By Casey Kozee, Senior Solutions Manager, Streamline Health, Inc.
I recently ran across an announcement that I found to be quite interesting.
On November 3, 2015, the Department of Health and Human Services (HHS) released proposed requirements for discharge planning for hospitals participating in Medicare and Medicaid. And, the requirements would implement changes from the Improving Medicare Post-Acute Care Transformation Act of 2014. Public comment is open until January 4, 2016. We can expect new rules to go in effect sometime in late 2016 or early 2017.
The HHS has focused on reducing complications and adverse reactions that may occur after discharge from the hospital and may require readmission. Readmissions are bad for patients and hospitals alike. The HHS has realized that one important—and in some ways, very simple—step that can help is to provide more complete information to all stakeholders in a patient’s discharge. This information is provided through the Discharge Summary documentation. The HHS recognizes that the average length of stay has decreased significantly since the current federal requirements for Discharge Summary information were established. Now, there are even more factors to consider in providing the best possible information to patients and other post-discharge caregivers such as nursing homes and skilled nursing facilities.

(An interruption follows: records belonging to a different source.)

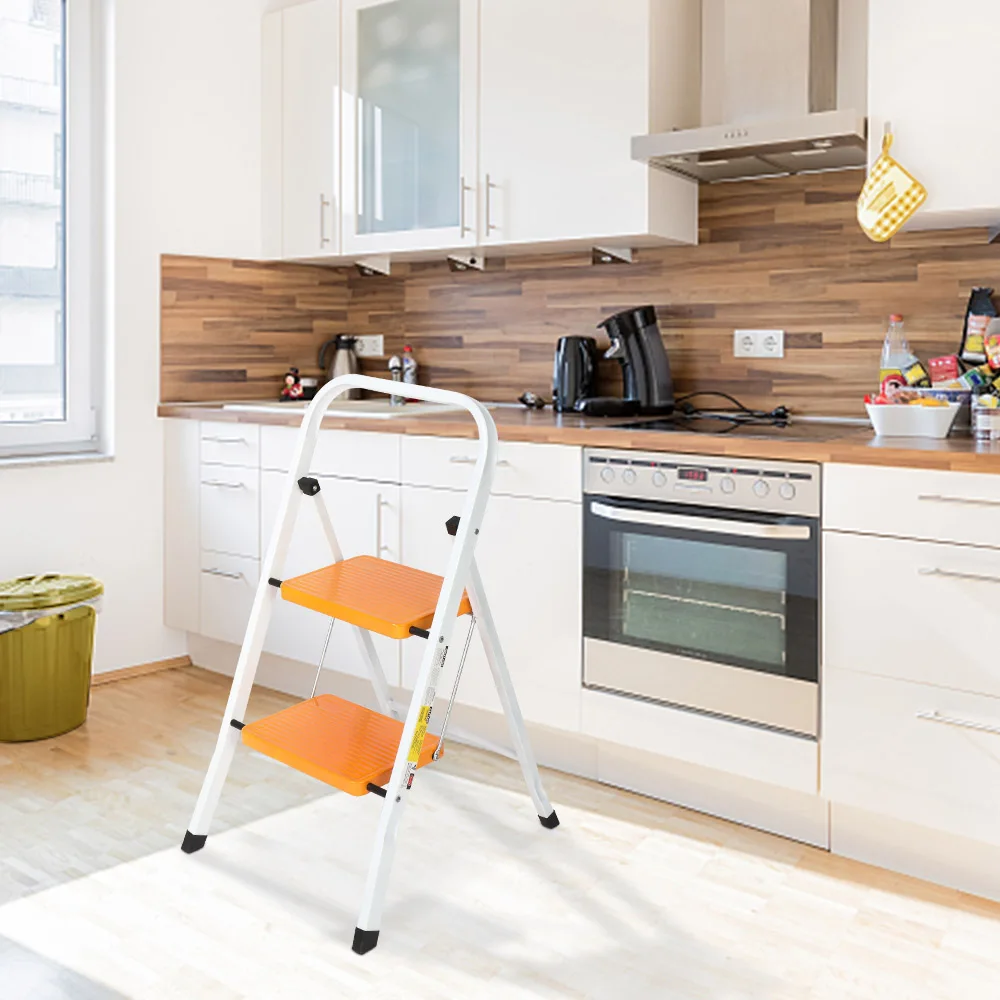 Lightweight Portable Folding 2 Step Stool with Wide Anti-Slip Pedal Folding Step Ladder with Handgrip Multi-use Steel Ladder
Lightweight Portable Folding 2 Step Stool with Wide Anti-Slip Pedal Folding Step Ladder with Handgrip Multi-use Steel Ladder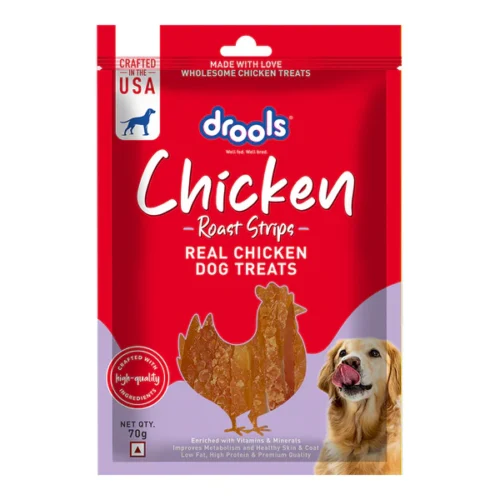 Drools Chicken Roast Strips Dogs Treats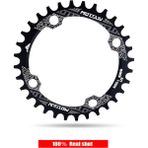 Huoxun Shop C Siyah Stil 36T Yuvarlak Dar Geniş Zincir Yüzüğü Mtb Dağ Bisikleti Bisiklet 104BCD Krank Takımı Dişli Plaka Parçaları Bisiklet Aksesuarları (Yurt Dışından) - Beyaz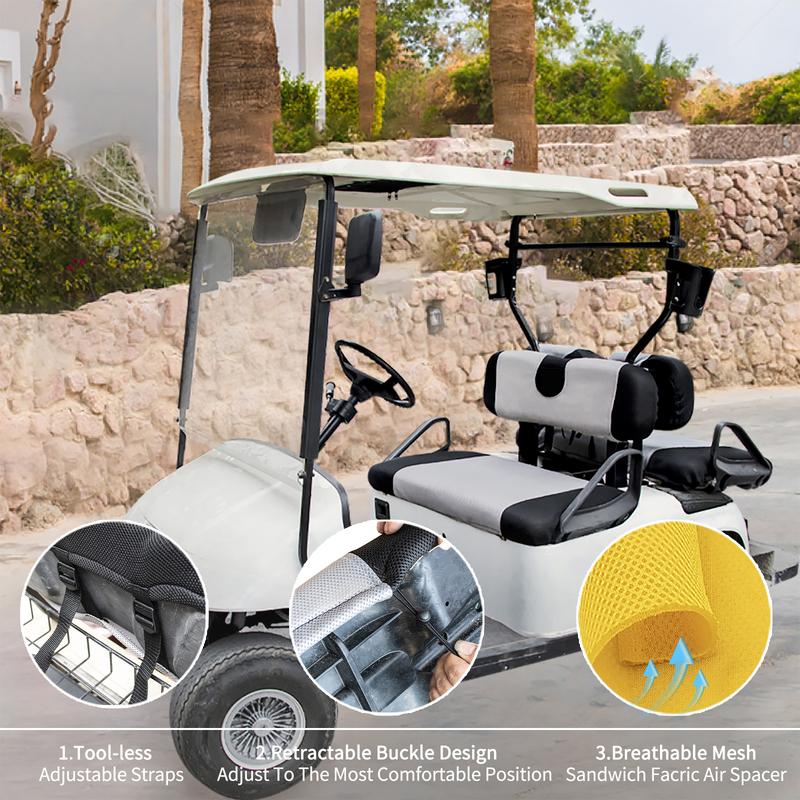 Coprisedile in Tessuto a Rete di Poliestere Lavabile a Caldo, Design alla Moda, per Golf Cart Club Car DS & EZGO TXT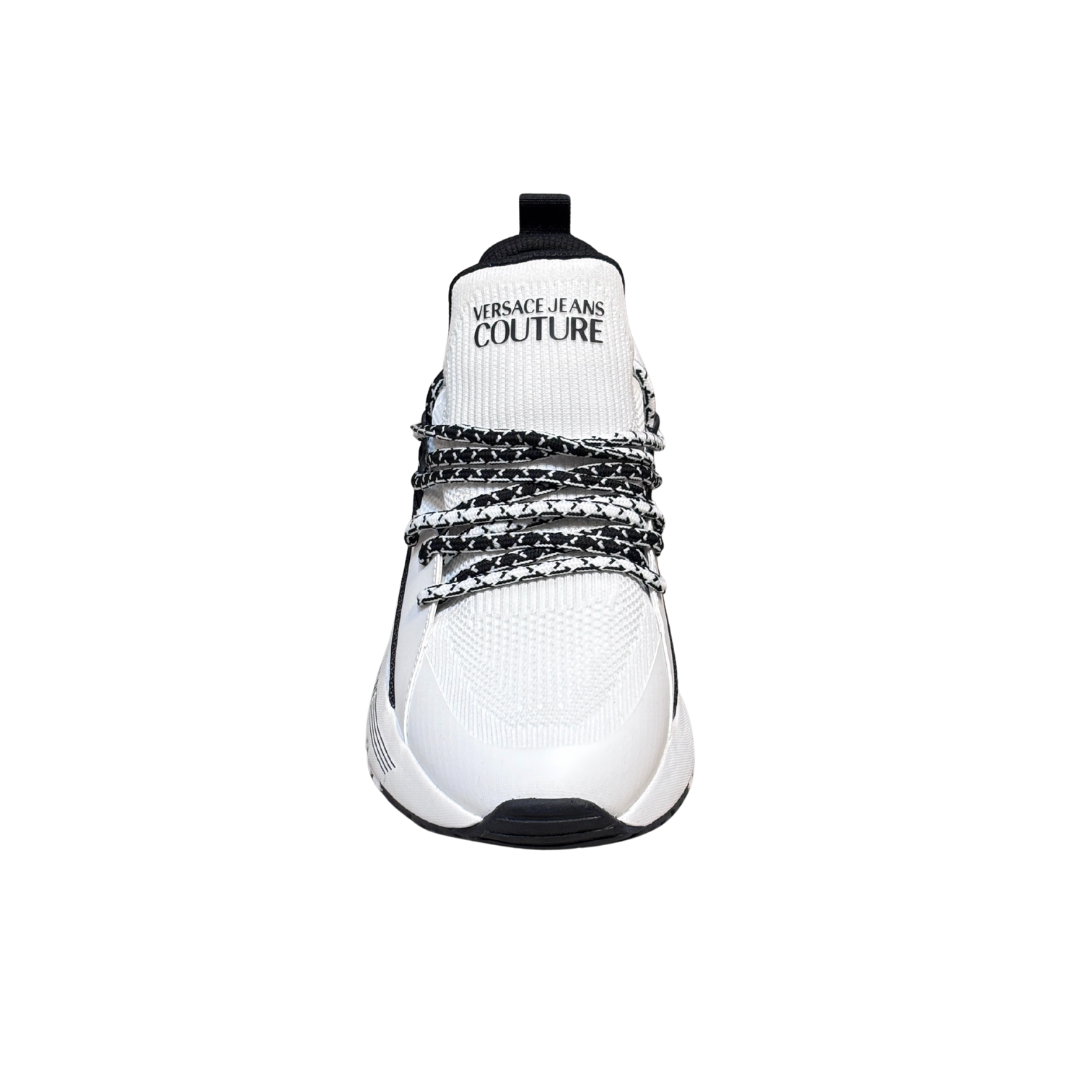 Versace Jeans Couture sneaker featuring knit upper and logo strap available at Lestyle Boutique Melbourne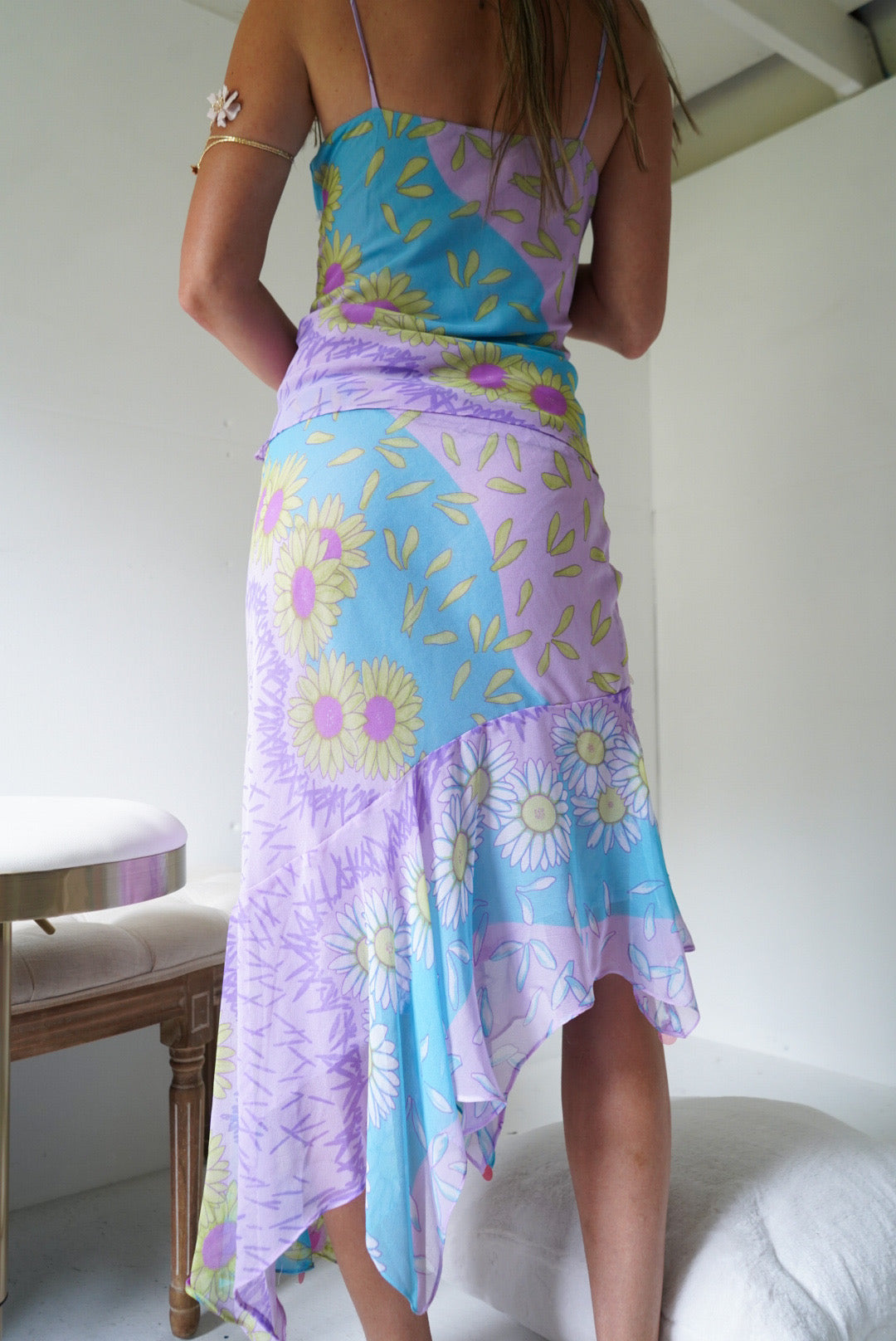Y2k Fairy Beaded 2 Piece Top and Skirt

This sentence from HHS sums up the new view best:
‘We propose to require that the discharge plan be tailored to the unique goals, preferences and needs of the patient.’
In order to achieve the goal of providing Individualized Discharge Summary information, providers will need a robust Enterprise Content Management (ECM) system that can store documentation at the patient encounter- and recurring visit-level. To highlight the power of tailoring the Discharge Summary information—and appreciate why an ECM is needed—consider the new realities of dealing with patients in today’s market. For young, relatively healthy patients, you’re simply tracking data on post-visit care and follow-up appointments. However, when managing the patients who represent the greatest readmission risk, you have a much more complex scenario. Consider the challenge of creating a Discharge Summary for an elderly patient with multiple co-morbid conditions, a long history of surgeries, substance abuse, multiple medications and mental health disorders. Then consider the fact that these patients tend to receive care from multiple providers, which means care documentation may come from several different systems. It’s easy to see how important the ECM system is to bringing together all the right information.
The proposed HHS requirements highlight the increased role that ECM systems can play in improving healthcare. Processes and procedures are changing rapidly to support better outcomes and more efficient and less expensive episodes of care. The underlying foundation to implement all of these changes is Health Information Management (HIM). Information must flow easier and more completely throughout the hospital and beyond in order to truly realize improvements in care. An Enterprise Content Management system is the key to making this happen.